Adobe is already trying to downplay these fears, arguing that AI won’t replace design jobs, any more than the invention of cameras eliminated painting. But is there anything designers themselves can do to prepare? Let’s take a look.
This is perhaps the most important point: instead of fearing AI adoption, graphic designers should embrace it. Traditionally, the only people that get swept away by digital change are the ones who don’t appreciate that change. Look at Kodak and digital cameras, or news networks and the rise of the internet. Even if you don’t lose your job to generative AI in the near future, you could lose your job to another designer who knows how to use AI. Where to start? How about using AI for repetitive design tasks, like resizing images, or generating mock-ups, or removing backgrounds? With the right training, AI can actually speed up your workflow, making you a more efficient designer.
If you’re going to fold generative AI into your workflow, you’ll need some elementary AI skills.

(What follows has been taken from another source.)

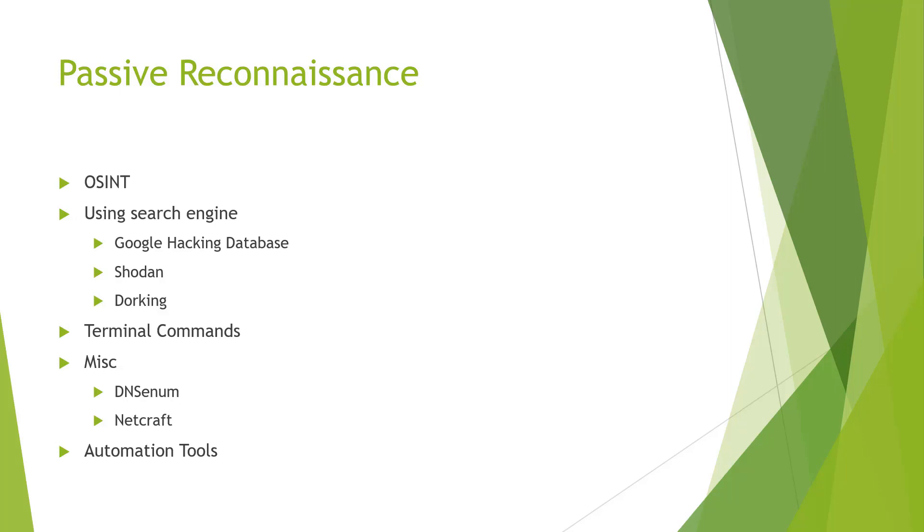For our automation tools, we're going to be digging into a few different types of automation tools to kind of see how we can better gather information using our reconnaissance passively.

Learning how to use AI-powered design tools, understanding the basics of machine learning, knowing how to write an effective design prompt (and then hone that prompt through iterative changes) – these are all good skills to have, and they’ll help you stay relevant in a rapidly changing industry. The trick is to align this new knowledge with your experience, your instincts, and your awareness of basic design principles. These are three things laypeople simply don’t have. They’re what make you inherently employable.
Think about the real value you add as a designer. Fundamentally, it’s not just pretty designs; it’s hitting a brief, or solving a particular problem. That’s the human element of design, and it’s not going anywhere. See, AI models may excel at repetitive tasks and data analysis, but they still lack creativity and intuition. As a graphic designer, you can build your skillset around creative problem-solving, storytelling, conceptual thinking, and brand marketing. This way, AI becomes just another arrow in your quiver, rather than an industry-destroying nuclear warhead.
The best way for any profession to prepare for the future is to diversify. The days of the specialist are slowly dying. What you want is a T-shaped skillset: deep experience in one particular niche, but a working understanding of several fields. For designers, this might mean upskilling into UX and UI, motion graphics, video, web development, or even basic programming. The more skills you have, the better and more well-rounded you’ll be as a designer, and the more resilient your career becomes to shock. An AI image generator might be able to replace someone whose only job is image generation, but it can’t code, build web pages, or shoot video, all at the same time.
As AI becomes more prevalent, the value of human-centred design will rise accordingly. In the same way that painting now fetches luxury prices – not because it’s better at rendering reality than your iPhone camera, but because it’s more human. It takes more time, more labour, more creativity. And that lack of convenience actually makes it a premium product. There’s no reason graphic design can’t go the same way. By focussing on human-centred design principles – the needs, preferences and experiences of the end user – designers can add value that AI will never be able to replicate. As Wired has noted before, AI’s Achilles Heel is human-centred design: it can ape graphic designers, but (so far) it can’t replace them.
AI technology is evolving incredibly fast. What was cutting edge last month is passé tomorrow. Just look at the shuddering yawn that greeted Apple’s announcement that they’re jumping onto the AI bandwagon… For graphic designers, the important thing is to stay up-to-date with AI changes in the design industry. Go to seminars, attend networking events, subscribe to platforms like Dexigner and Design News to keep abreast of current developments. AI might be a threat to the design industry, but if you’re informed and prepared, you’re much more likely to make a successful pivot. The only designers who should fear AI are the ones who don’t understand it.